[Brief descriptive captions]
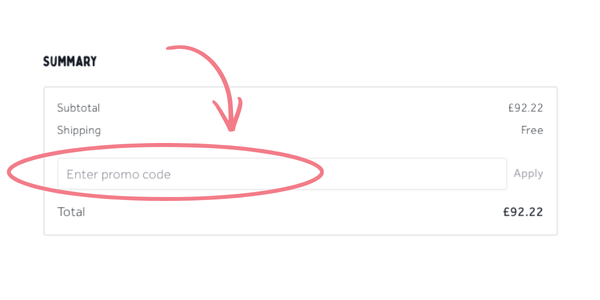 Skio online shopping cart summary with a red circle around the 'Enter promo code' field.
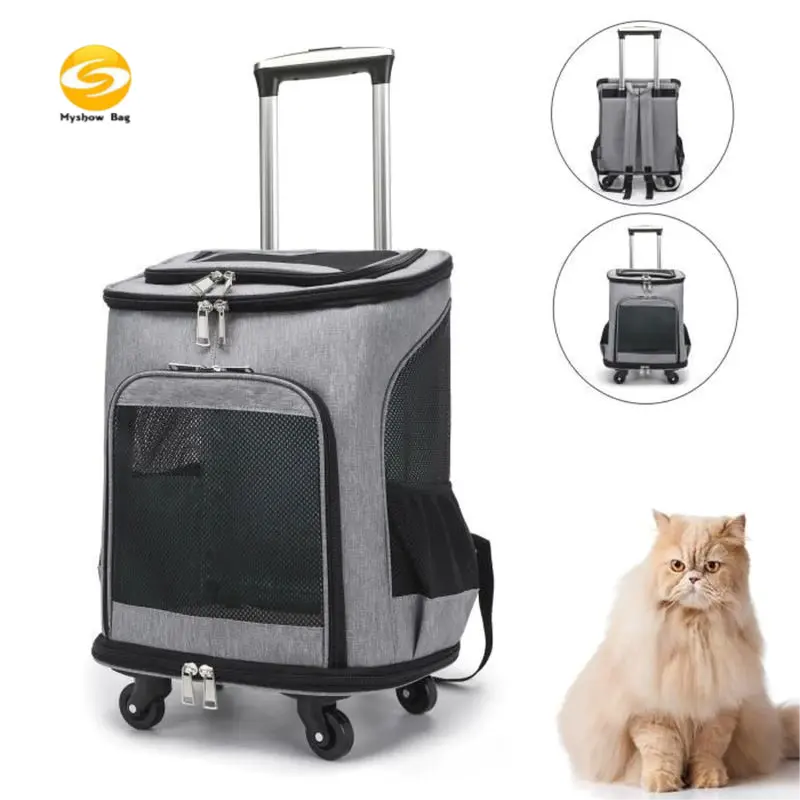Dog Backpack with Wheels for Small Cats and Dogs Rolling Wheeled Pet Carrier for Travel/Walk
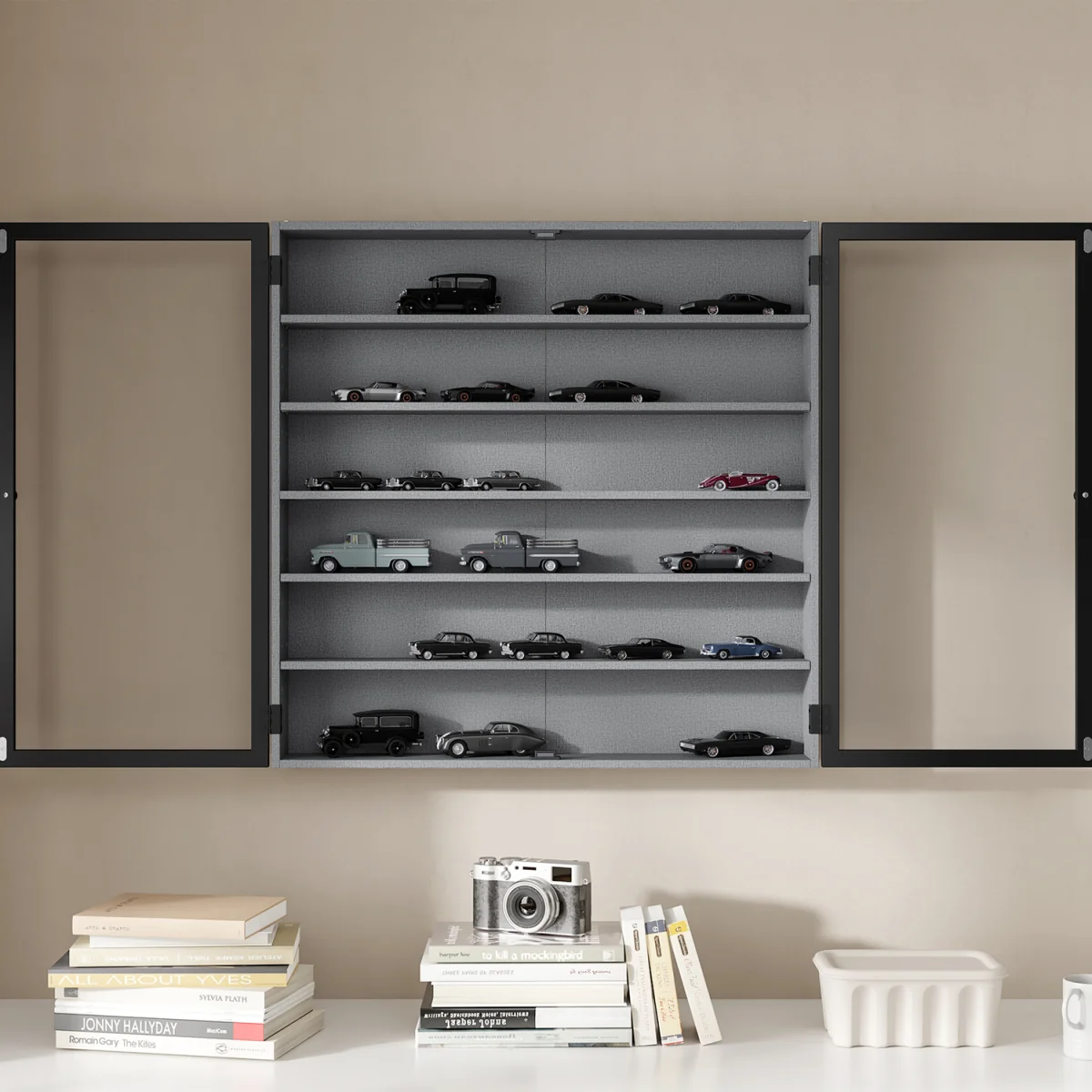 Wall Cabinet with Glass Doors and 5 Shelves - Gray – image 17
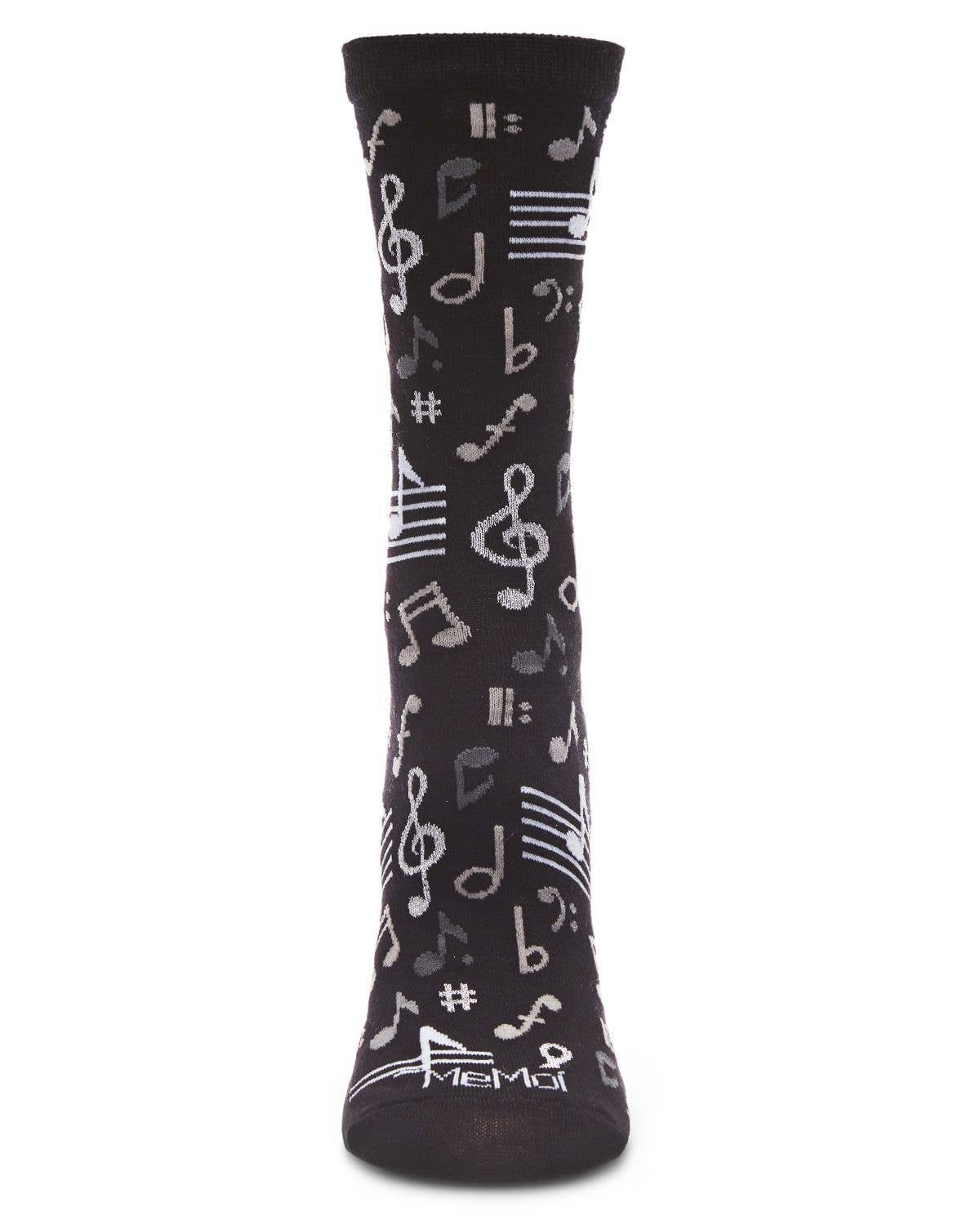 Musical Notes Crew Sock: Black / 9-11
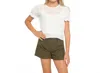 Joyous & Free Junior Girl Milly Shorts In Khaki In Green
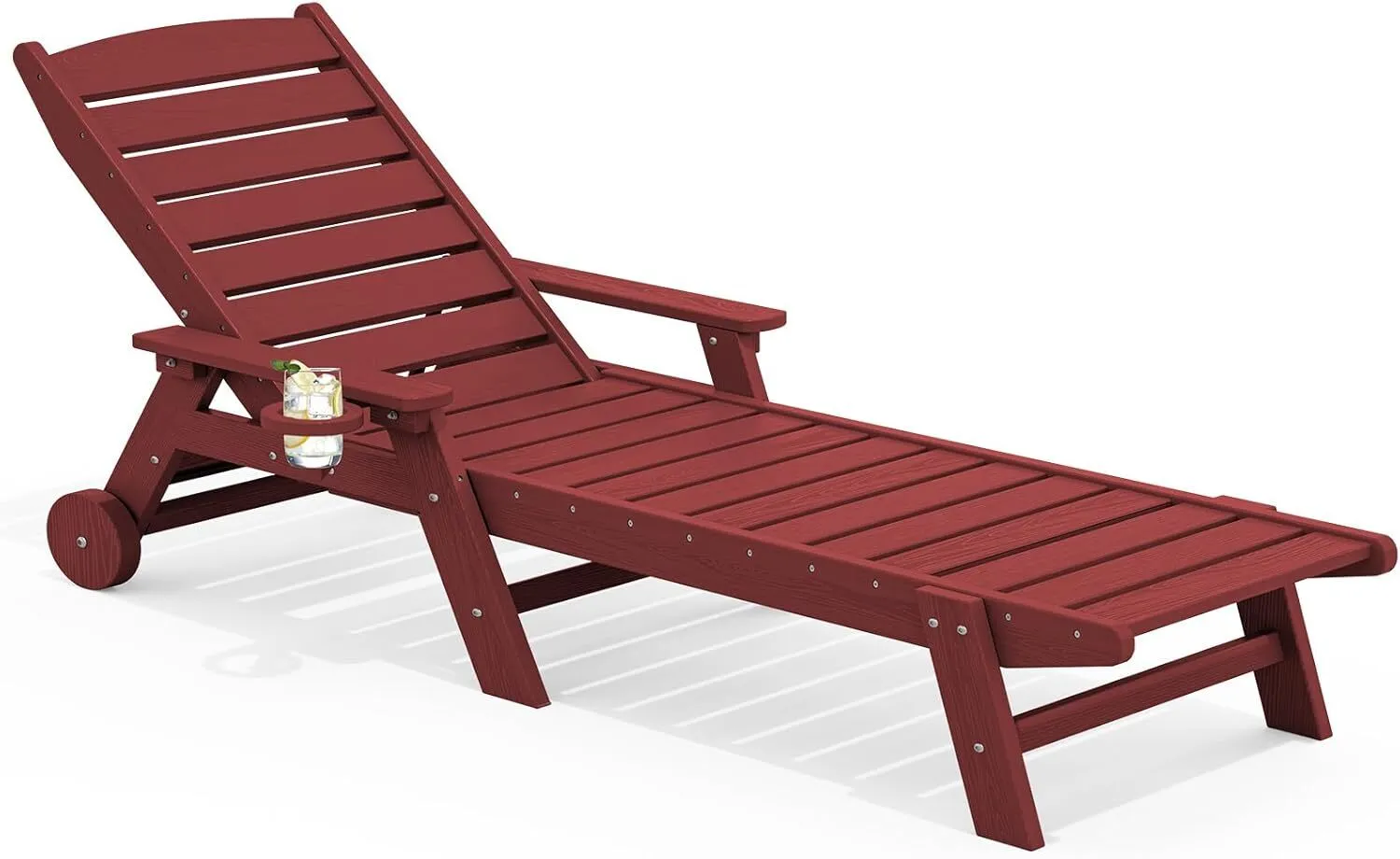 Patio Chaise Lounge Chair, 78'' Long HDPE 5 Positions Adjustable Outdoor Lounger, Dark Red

> **Task statement**
The result should be an exact repetition of all the records. Drop the pictures.

> **Your response**
 Skio online shopping cart summary with a red circle around the 'Enter promo code' field.
Dog Backpack with Wheels for Small Cats and Dogs Rolling Wheeled Pet Carrier for Travel/Walk
 Wall Cabinet with Glass Doors and 5 Shelves - Gray – image 17
 Musical Notes Crew Sock: Black / 9-11
 Joyous & Free Junior Girl Milly Shorts In Khaki In Green
 Patio Chaise Lounge Chair, 78'' Long HDPE 5 Positions Adjustable Outdoor Lounger, Dark Red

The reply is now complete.